Correctly observing that modernization of the oil market had made old valuation methods obsolete, MMS on Dec. 20, 1995, issued notice of its intent to make changes and solicited comments.

On Jan. 24, 1997, it published an initial notice of proposed rulemaking, which called for valuation based on futures prices and Alaskan spot prices.

A stunned industry responded that the proposed valuation method would be no more valid and much less practicable than the existing method, based on postings. The industry agreed that postings had become less valid than before as value indicators and recommended that MMS take its royalty in kind to ensure it received fair value for the oil. The market modernization that invalidated postings also made a royalty-in-kind scheme feasible, the industry said.

That's the starting place: no disagreement over the need to change valuation procedures; disagreement over how to change. The industry said the government's proposal wouldn't work and offered a counterproposal. The government said the counterproposal would cost it money.

From that starting place in January 1997, the issue has plodded along an interesting path.

MMS twice extended the comment period for its initial proposed rulemaking and held public meetings in Lakewood, Colo., and Houston.

It published a supplementary proposed role on July 3, 1997, for which it closed the comment period the following Aug. 4. In response to the comments, it reopened the rulemaking to public comment on Sept. 22, 1997, seeking information on five valuation alternatives. It extended that comment period, during the course of which it held seven public workshops (Houston twice; Lakewood; Bakersfield, Calif.; Casper, Wyo.; Roswell, NM; and Washington, DC).

On Feb. 6, 1998, MMS published a second supplementary proposed rule, this one for federal leases only. It again extended the comment period, which included workshops in Houston, Washington, Lakewood, Bakersfield, and Casper.

At the request of an interested senator, MMS reopened the comment period and held two public meetings.

On July 16, 1998, the agency published another supplementary proposal clarifying changes it intended to make in its final rule. On July 21, it received additional comments in meetings sponsored by two members of the House of Representatives. It again extended the comment period to July 31 for comments on responses it published to industry comments on its proposal, as amended and supplemented.

By then, MMS was responding to requests for explanations of its intentions and directions on the issue from Congress, which passed a moratorium on implementation of a final rule until things were sorted out. The federal budget enacted on Oct. 8, 1998, for the Department of Interior, of which MMS is part, extended the moratorium until June 1, 1999.
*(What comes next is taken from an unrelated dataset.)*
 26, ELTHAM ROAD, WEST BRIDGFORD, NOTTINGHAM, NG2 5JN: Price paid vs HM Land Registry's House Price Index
In response to requests from Congress, the Interior Secretary on Mar. 4, 1999, reopened the comment period. MMS scheduled more workshops-in Houston, Albuquerque, and Washington. Then it extended the comment period until Apr. 27.

Last November, Congress and the White House reached a compromise that blocked the final rule until March.

On Dec. 30, 1999, MMS resubmitted its proposed rule with further changes and is taking comments until Jan. 31.

The new proposal doesn't meaningfully address the industry's core objections to the MMS valuation proposal.

Industry officials now openly discuss taking the issue to court.

They might as well. Workshops and public comments haven't fixed the MMS mistake.